The multiple doors and staircases are clues that this is not going to be a drama that would have attracted Frank Lloyd Wright, however. They’re signs of a farce to come, as we learned from those witty French farces by Georges Feydeau.

Unfortunately, Goodman Theatre’s new world premiere of Kristoffer Diaz’s “The Upstairs Concierge” is not a witty French farce. Its celebrity- and baseball-driven plotline just doesn’t work as a contemporary comic romp. The plot generally is a mish-mash and the dialogue is flat and rarely funny.

Diaz, known for his award-winning “The Elaborate Entrance of Chad Deity” (produced in 2009 at Victory Gardens Theater), says he was inspired by working at a boutique luxury hotel that catered to celebrities. He decided that writing a spoof on our celebrity culture and setting it in a small, confined space would allow for ridiculous physical comedy. Since the play was developed over several years of workshopping and productions with several companies, it’s hard to understand why no one noticed that something was amiss with the material itself.

The theme involves the arrival of an ace female baseball player (Alejandra Escalante as Rebecca Oaxaca) at the hotel, where she is chased by representatives of major league baseball teams who want to hire the first female MLB player. (For some reason, the playwright identifies her as a bunter, but that would not be good baseball strategy for reasons that I’m not going to describe in a theater review.)

Other celebrity guests are BB, a blogger (energetically played by Jose Antonio Garcia), and Shivery Delicious, a well-known novelist (Sandra Delgado).

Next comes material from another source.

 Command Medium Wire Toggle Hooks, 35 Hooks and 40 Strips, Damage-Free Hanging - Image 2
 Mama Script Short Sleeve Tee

Starring as Ella Elizondo, the upstairs concierge who aims to please, is Tawny Newsome. The rest of the cast is hotel employees and baseball team reps.

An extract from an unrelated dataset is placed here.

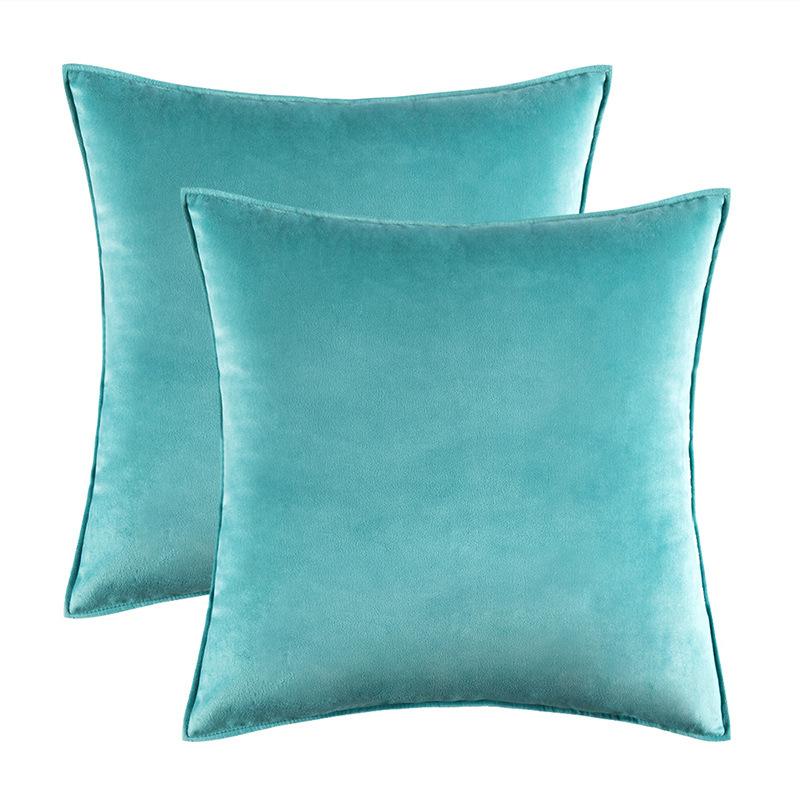 Home Decoration Edge Velvet Waist Pillow Cushion Cover Super Soft Plush Hotel Sofa Pillow Cover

The 10 cast members give it their all and director K.J. Sanchez, along with a movement consultant (Chuck Coyl) and a movement captain (cast member Gabriel Ruiz) choreograph the madness effectively. The timing and agility of every cast member is notable. Too bad they didn’t have better material to work with.

The opening night audience found a number of lines and pratfalls to laugh at, so some prospective audience members may find this 80-minute comedy just the ticket for chasing the gloom away or topping off a hectic workday. I thought it was one night of my life that I’ll never get back.